This morning I find myself in a mad mood, not at all conducive to creative thought. If I started to vent I would end up looking bitter, twisted and in need of immediate psychological help. This does not sit well with how a woman of my age, wisdom and maturity should behave. I know because past experience has taught me it would only end in tears – mine.
I have no wish to expand on the reason for my simmering mood and intermittent chuntering – all I will say is the Dutch Health Insurance Company and leave it at that.
Unfortunately in my angst and rage against the DHIC I can’t focus on writing and I really want to. As usual there is a silver lining – I have a piece of writing I wasn’t sure I wanted to post but I’m going to.
Here’s the issue – it’s not lively or funny or quirky, it’s actually quite grown up, something I’ve spent my life trying to avoid. Essentially it doesn’t feel like me. But what I discovered behind the words was an emotion I am uncomfortable with, something I can’t identify. Or refuse to.
I was recently asked to submit an introductory writing sample about the American South for an audience not familiar with the area – a pretty huge chunk of the USA you’ll admit, and a pretty open remit on how to present it. After some discussion it was decided to start with a general overview, some facts and figures and zoom in on a smaller area, the Deep South.
Once I zoomed in and started writing it pretty much wrote itself, and I realised as the words came out that some of them were coming from a place deep inside about a city I had a love/ hate relationship with for ten years and who I still feel ambiguous about.
The place I raised my children, the place that taught me more about myself than anywhere I’ve ever lived, whose endgame was a challenge that proved the human spirit is greater than any of us realises and at the end of the day other people and our relationships with them are all that matter in life.
I didn’t write any of that in the piece, but I realised behind the conversational tone and informative chit-chat there was a deeper emotion at work, one that is determined to find its way out. Perhaps it’s time to let whatever force is in there express itself, who knows. What I do know is that the prospect scares the hell out of me.

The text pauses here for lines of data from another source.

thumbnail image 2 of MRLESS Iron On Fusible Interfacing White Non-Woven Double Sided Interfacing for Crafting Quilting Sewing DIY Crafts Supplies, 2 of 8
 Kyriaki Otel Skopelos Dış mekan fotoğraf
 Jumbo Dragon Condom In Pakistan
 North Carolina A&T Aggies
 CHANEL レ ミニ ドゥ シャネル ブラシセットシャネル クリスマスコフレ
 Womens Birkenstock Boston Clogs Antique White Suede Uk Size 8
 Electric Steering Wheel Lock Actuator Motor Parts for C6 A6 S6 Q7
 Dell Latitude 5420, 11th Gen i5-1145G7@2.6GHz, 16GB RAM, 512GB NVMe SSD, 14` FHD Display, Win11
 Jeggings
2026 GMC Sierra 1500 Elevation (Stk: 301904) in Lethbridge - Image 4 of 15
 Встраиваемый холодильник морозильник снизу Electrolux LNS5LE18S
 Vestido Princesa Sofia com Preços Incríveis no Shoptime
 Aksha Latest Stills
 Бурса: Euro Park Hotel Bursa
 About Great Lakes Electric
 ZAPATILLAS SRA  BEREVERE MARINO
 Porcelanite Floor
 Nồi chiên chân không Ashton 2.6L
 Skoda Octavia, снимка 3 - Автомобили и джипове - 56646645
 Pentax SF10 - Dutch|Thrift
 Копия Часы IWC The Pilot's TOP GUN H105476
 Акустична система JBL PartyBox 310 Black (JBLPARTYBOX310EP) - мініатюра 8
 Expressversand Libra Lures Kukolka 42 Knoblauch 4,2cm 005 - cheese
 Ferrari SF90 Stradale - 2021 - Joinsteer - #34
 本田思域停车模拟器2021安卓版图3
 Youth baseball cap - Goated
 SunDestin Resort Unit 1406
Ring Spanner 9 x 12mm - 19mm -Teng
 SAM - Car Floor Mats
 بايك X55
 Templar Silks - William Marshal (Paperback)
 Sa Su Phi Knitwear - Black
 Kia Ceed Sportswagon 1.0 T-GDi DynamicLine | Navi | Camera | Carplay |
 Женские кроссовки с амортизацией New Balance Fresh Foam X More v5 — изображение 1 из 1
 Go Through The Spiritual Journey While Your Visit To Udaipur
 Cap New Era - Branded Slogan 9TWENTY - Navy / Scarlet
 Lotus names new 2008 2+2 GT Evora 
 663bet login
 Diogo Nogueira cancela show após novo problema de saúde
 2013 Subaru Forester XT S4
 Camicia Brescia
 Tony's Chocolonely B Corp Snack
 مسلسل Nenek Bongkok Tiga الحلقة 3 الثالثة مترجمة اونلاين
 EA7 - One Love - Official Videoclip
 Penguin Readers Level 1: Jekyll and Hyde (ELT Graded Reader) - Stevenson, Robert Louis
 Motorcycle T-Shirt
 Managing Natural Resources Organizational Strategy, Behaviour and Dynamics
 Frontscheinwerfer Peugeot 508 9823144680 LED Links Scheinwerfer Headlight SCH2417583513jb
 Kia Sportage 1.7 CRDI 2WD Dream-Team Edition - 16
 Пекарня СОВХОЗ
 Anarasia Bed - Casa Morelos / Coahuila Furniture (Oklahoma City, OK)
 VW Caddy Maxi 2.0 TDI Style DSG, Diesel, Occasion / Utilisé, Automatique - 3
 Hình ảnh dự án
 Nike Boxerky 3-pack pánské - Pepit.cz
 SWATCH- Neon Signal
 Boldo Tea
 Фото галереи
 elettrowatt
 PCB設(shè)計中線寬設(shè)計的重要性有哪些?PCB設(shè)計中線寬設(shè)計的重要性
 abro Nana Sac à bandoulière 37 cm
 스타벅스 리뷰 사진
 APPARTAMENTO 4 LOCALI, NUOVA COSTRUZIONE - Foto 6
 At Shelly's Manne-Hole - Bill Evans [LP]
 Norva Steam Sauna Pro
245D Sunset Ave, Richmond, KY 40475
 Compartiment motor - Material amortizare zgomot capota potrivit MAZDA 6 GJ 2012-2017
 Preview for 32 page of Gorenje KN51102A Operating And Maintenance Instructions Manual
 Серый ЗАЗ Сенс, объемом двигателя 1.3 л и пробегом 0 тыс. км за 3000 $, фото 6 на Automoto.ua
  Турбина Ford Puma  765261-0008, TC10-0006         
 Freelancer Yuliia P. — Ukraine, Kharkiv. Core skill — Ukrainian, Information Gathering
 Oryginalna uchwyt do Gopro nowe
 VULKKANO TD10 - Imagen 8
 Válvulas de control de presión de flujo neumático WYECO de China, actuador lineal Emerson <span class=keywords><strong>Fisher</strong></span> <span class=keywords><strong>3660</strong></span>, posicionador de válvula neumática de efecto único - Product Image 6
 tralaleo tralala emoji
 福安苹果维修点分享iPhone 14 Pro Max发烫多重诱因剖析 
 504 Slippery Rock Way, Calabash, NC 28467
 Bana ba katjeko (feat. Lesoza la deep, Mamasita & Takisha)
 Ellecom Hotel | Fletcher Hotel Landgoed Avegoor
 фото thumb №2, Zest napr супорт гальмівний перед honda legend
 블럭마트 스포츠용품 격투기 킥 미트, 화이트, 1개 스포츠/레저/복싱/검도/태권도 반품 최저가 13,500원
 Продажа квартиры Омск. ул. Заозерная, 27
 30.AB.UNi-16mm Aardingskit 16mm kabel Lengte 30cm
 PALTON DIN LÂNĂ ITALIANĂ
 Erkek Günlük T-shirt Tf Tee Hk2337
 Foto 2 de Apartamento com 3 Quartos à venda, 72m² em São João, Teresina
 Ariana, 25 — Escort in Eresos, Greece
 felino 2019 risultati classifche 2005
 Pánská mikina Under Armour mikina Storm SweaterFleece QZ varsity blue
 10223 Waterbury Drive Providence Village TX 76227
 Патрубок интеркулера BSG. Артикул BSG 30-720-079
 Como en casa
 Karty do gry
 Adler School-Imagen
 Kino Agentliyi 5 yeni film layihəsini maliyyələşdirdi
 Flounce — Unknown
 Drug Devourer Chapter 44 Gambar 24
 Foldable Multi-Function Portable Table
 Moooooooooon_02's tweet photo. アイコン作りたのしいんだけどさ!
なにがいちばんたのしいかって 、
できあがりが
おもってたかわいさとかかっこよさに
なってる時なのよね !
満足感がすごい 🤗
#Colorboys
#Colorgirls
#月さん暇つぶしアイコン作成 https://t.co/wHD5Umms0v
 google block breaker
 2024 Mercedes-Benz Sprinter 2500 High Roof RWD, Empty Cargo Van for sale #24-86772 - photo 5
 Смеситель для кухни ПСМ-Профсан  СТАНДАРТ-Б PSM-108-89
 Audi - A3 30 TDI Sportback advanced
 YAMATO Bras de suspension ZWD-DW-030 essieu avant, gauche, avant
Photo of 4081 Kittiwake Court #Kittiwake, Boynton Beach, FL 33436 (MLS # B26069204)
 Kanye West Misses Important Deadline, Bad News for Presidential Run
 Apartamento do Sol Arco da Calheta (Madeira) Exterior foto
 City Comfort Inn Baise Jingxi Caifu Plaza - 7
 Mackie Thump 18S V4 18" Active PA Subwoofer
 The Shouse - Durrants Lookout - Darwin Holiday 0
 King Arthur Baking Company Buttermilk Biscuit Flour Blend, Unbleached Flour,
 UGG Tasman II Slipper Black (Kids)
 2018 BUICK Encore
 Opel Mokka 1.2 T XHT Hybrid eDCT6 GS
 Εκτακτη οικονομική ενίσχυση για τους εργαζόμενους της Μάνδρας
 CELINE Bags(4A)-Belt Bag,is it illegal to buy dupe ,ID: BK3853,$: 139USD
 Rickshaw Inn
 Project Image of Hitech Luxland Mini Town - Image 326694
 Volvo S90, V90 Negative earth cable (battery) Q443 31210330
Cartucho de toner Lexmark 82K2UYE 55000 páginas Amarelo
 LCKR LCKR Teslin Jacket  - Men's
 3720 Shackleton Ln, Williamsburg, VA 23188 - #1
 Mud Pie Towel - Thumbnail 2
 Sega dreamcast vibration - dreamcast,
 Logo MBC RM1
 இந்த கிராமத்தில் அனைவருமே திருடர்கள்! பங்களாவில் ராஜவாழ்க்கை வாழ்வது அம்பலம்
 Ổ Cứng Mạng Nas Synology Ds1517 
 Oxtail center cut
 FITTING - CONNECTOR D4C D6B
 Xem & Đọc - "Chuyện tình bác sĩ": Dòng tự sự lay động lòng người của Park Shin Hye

My argument against it is some things are better left in a box and stored way, that opening the box and examining it’s contents will be like picking at a scab on your knee – painful, messy and only of interest to you.
Then of course there is the problem of the box itself. Its fine while it sits there happily, content to exist quietly somewhere deep in your psyche, quite another thing when it decides to start making escape plans.
So what to do?
What I usually do, nail the lid back on, wrap it in chains, and sink it in concrete. Only this time something has changed, oh so subtly, but it’s there. I think about Pandora, and realise that in opening her box she was left with the greatest gift of all.
Oh Lordy, I’ve rambled on again. Guess I’ll post the Deep South thing as a separate blog, as I’d like to know what you think.